Niño que no aumenta de peso

Niño que no aumenta de peso


Uno de los desafíos más comunes y preocupantes durante la lactancia materna es cuando un bebé no aumenta de peso como se esperaba. Este problema puede deberse a múltiples factores, y es esencial identificar la causa subyacente para tomar las medidas correctivas adecuadas. A continuación, exploraremos en detalle las posibles causas, técnicas de alimentación recomendadas, y la importancia de las gráficas de crecimiento para monitorear el progreso del bebé.


Causas

1. Problemas de succión:

  • Agarre incorrecto: Un agarre inadecuado puede dificultar que el bebé extraiga suficiente leche del pecho.
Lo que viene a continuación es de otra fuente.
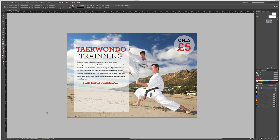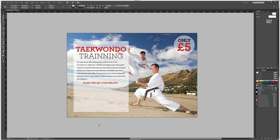Hello and welcome to Creative Nerds. Today we have a tutorial on how you can use InDesign to create a QR code. We've created this poster for Taekwondo training using InDesign, which is just a mock-up template where we want to add in a QR code.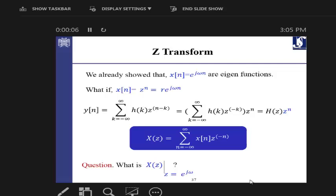So far we talked about the Fourier transform, which is mostly used for signal analysis but also for systems. In the Fourier domain for systems, we have another domain which is quite similar to the Fourier domain. That's why we have to study it — it's more representative and simpler for systems to use the Z domain.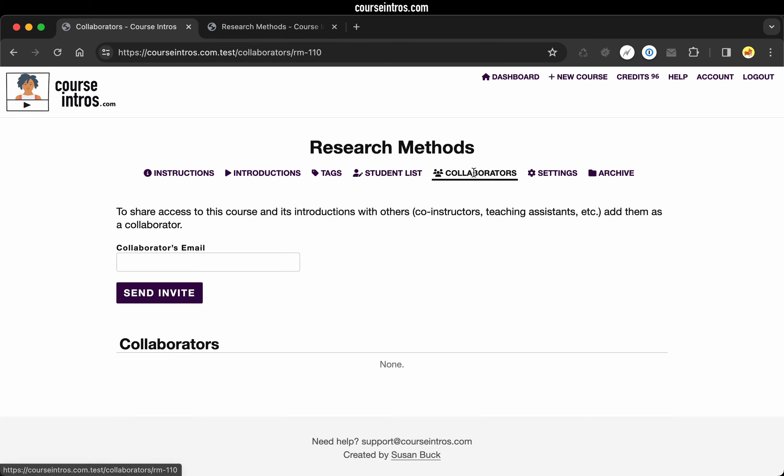Under collaborators, you can invite other instructors to have access to your introductions for this course. Again, this is something that might be useful in a large course if you're teaching it as part of a team. There's co-instructors or teaching assistants and you want them all to have access to it. You can invite them as collaborators.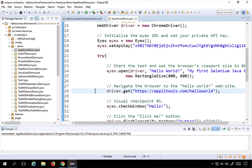After eyes.open(), we have our normal Selenium commands like driver.get(). Wherever in your application you want to create a checkpoint to check the UI, you use eyes.checkWindow() and give any name to that checkpoint. After going to the URL, we call eyes.checkWindow('Hello'), then click a button, and call eyes.checkWindow('Click'). This is how you use Applitools within your existing Selenium code — you just add the library, initialize Applitools Eyes, call eyes.open(), and add eyes.checkWindow() wherever you want a check.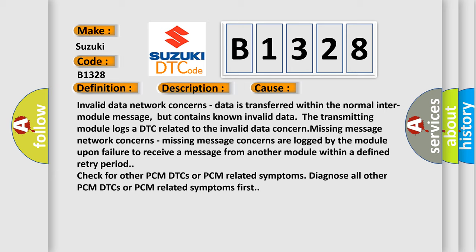Missing message network concerns: Missing message concerns are logged by the module upon failure to receive a message from another module within a defined retry period. Check for other PCM DTCs or PCM related symptoms. Diagnose all other PCM DTCs or PCM related symptoms first.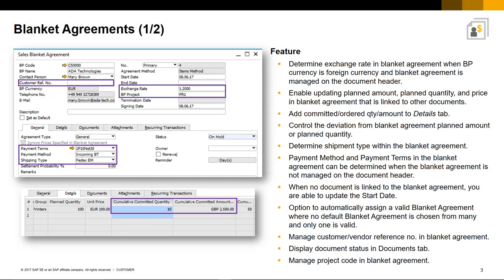You can control this option under Document Settings. And you can also now manage customer or vendor reference number details. The document status is displayed in the Documents tab, and you can also manage and relate to a project code in the Blanket Agreement header and at the row level.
Un buen agarre implica que el bebé tenga la boca bien abierta, cubriendo tanto el pezón como una parte significativa de la areola. Los labios deben estar hacia afuera y no debería haber dolor para la madre.
  • Debilidad en la succión: Algunos bebés pueden tener problemas neuromusculares o condiciones como el síndrome de Down que afectan su capacidad para succionar con fuerza suficiente. En estos casos, se puede necesitar la ayuda de un especialista en lactancia para evaluar y corregir la técnica de succión.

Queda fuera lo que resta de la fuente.